Ranek mglisty. Jest gorąco, dzisiaj kolejny dzień upału. Wyległem. Baza ludzi... i nasz high end-owy pensjonat:
Rozkminiamy plan na dzisiaj. Do Tłumaczowa słupkami nie dojdziemy. Usiłujemy co prawda, ostatni słupek ok. 30 minut od MK:
Wracamy do szlaku niebieskiego, z którego kierujemy się do Pasterki. W schronisku zasiedliśmy na parę minut i ustalamy, że powrót robimy przez Skalne Wrota do Radkowa. Ruszamy żółtym szlakiem następnie odbijamy na niebieski.

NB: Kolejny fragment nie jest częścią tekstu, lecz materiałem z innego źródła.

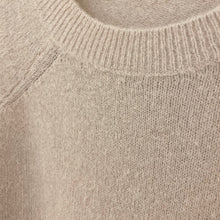 Lade das Bild in den Galerie-Viewer, PULLOVER `Elegant &amp; Smooth´ (Halbarm/Alpaka), taupe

Skalne Wrota, piękna sprawa, chociaż spodziewałem czegoś więcej, mimo wszystko temat godny uwagi:
Po drodze pozwalam sobie na chwilę dla siebie. Cisza, spokój, ukojenie na Pustej Ścieżce:
Niżej jest odbicie, jak mniemam prowadzi do Wodospadu Pośny, pewnego razu pofatyguję się. Tymczasem schodzę na parking, Franek czeka na mnie, dalsza trasa to asfalcik, tak dla urody. Po drodze efektowny widok na Korunę:
I ok. godziny 12.30 wkraczamy do Radkowa, mając chwilę do autobusu raczymy się rożkiem, na popitkę serwuję sobie "Cyraneczkę" i o 13.08 zjeżdżamy do Kłodzka, skąd przebieżka na stację kolejową i wracamy do domu:
Z podziękowaniem dla Franciszka za wspólne trudy i radości. I cóż, do następnej razy:
Dziękuję za uwagę.

Komentarze

  1. Ten pensjonat również kiedyś odwiedziłem, ale nocleg miałem w namiocie, a w wiatce tylko jadłem.

    Wędrówka w upale... Warun dla wytrwałych turystów i to takich zdesperowanych ;) Kiedyś wędrowałem przy chyba ponad 35°C po niższych rejonach Gór Stołowych i Gór Kamiennych... Mam nadzieję, że nie będę musiał tego powtarzać ;)

    OdpowiedzUsuń
    Odpowiedzi
    1. Ja również :)). Na dobrą sprawę imprezę powinniśmy zakończyć w cieniu kapliczki MBB. Był cień... i woda :)).